Il n’y a pas que les hommes qui peuvent parler de sexe, poser torse nu, alpaguer le spectateur, attiser leur désir à la flamme des personnes qui les écoutent. Lorsqu’avec Björk, elle reprend « (I Can’t Get No) Satisfaction » sur le plateau de la cérémonie des Brit Awards en 1994, Allen Klein, le manager des Rolling Stones, aurait été si outré qu’il en aurait interdit la sortie du titre en single.

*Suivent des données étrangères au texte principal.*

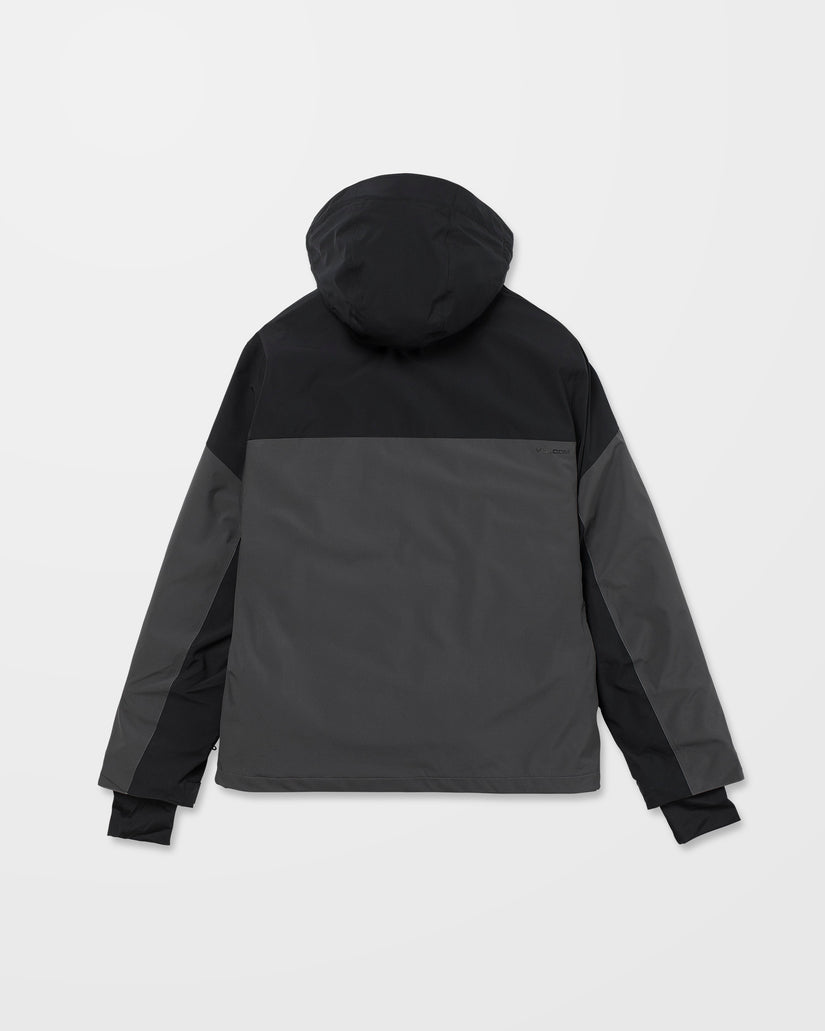 Rnge Stretch 30K Jacket - Black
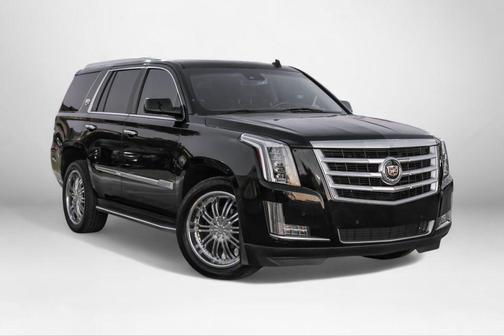 2015 Cadillac Escalade Luxury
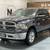 2017 RAM 1500 4x4 4WD Dodge Big Horn Crew Cab  / 3.0L DIESEL /NEW TIRE 1 thumbnail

Pour conclure ces histoires de mer et de ville résonne le drôle de trip-hop de « We Float ». Il flirte avec la dissonance, égrenant tout ce que Polly Jean Harvey peut ressentir, comme nous tou.te.s : un besoin de liberté perpétuellement contrarié. Accompagnée d’un piano a priori maussade, elle s’élance sans préavis dans un refrain salvateur :

« We just kind of lost our way
But we were looking to be free
But one day
We’ll float
Take life as it comes. »

Prendre la vie comme elle vient, ce n’est pas ce qui lui ressemble le plus, elle qui a préservé sa spontanéité en manipulant à sa guise ses variations créatives. Pourtant, on la croit sur parole.